Web page caption snippets
------------------------------------------------

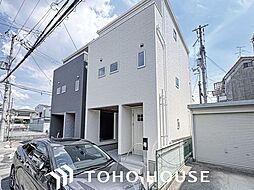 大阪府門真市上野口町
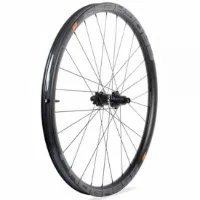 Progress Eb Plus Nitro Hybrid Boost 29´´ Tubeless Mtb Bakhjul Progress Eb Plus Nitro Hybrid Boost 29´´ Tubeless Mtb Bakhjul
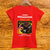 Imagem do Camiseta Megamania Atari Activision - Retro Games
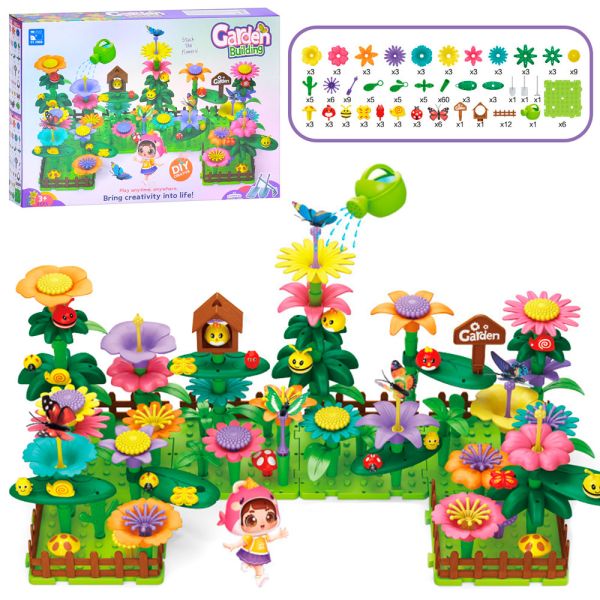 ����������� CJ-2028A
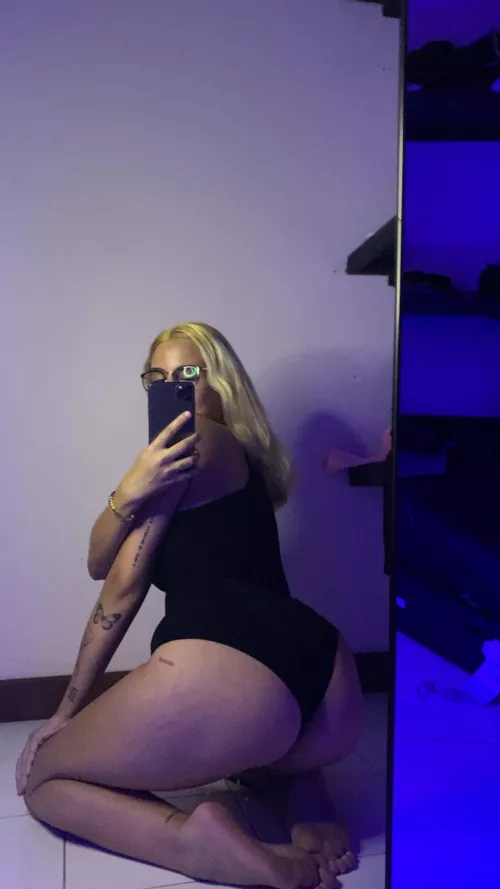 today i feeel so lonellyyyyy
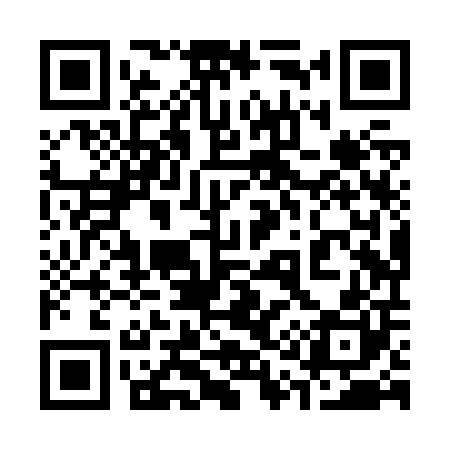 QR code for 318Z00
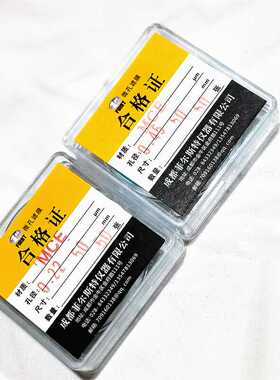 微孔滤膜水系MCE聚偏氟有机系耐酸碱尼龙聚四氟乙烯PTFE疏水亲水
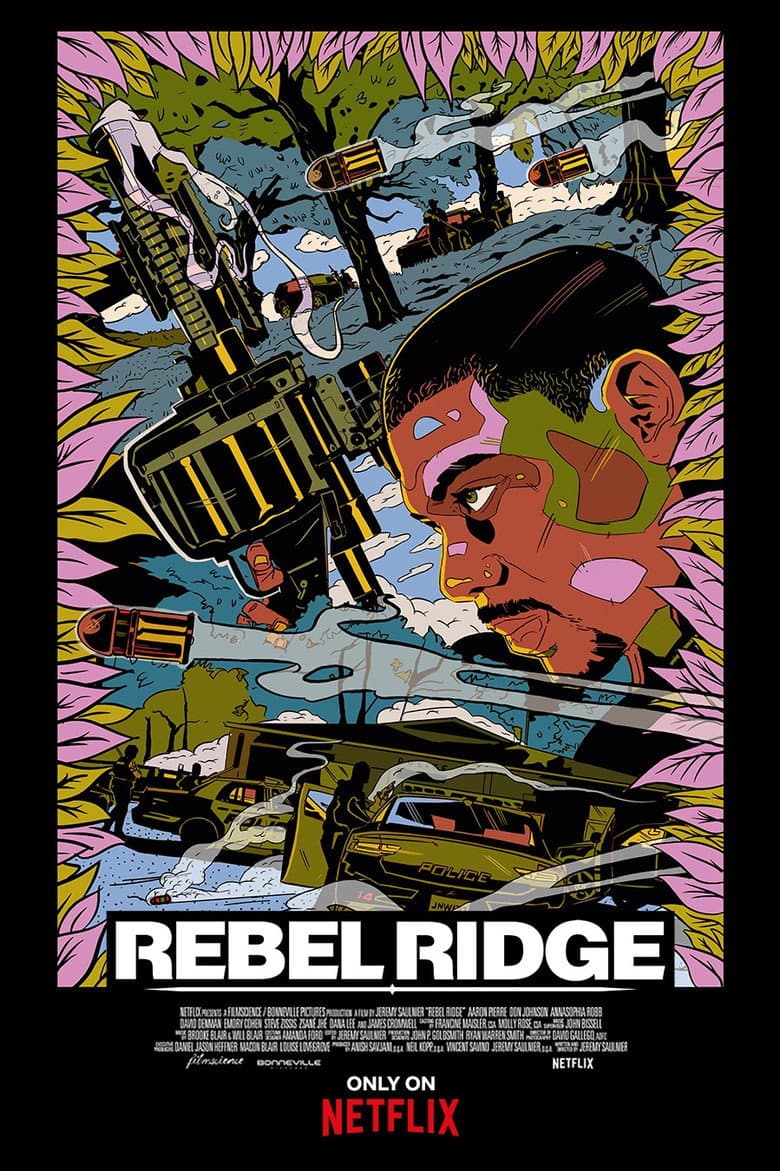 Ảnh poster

------------------------------------------------

> [What is required] Leave the pictures aside and give every entry above again word for word.

> [Your solution]
 大阪府門真市上野口町
 Progress Eb Plus Nitro Hybrid Boost 29´´ Tubeless Mtb Bakhjul Progress Eb Plus Nitro Hybrid Boost 29´´ Tubeless Mtb Bakhjul
 Imagem do Camiseta Megamania Atari Activision - Retro Games
 ����������� CJ-2028A
 today i feeel so lonellyyyyy
 QR code for 318Z00
 微孔滤膜水系MCE聚偏氟有机系耐酸碱尼龙聚四氟乙烯PTFE疏水亲水
 Ảnh poster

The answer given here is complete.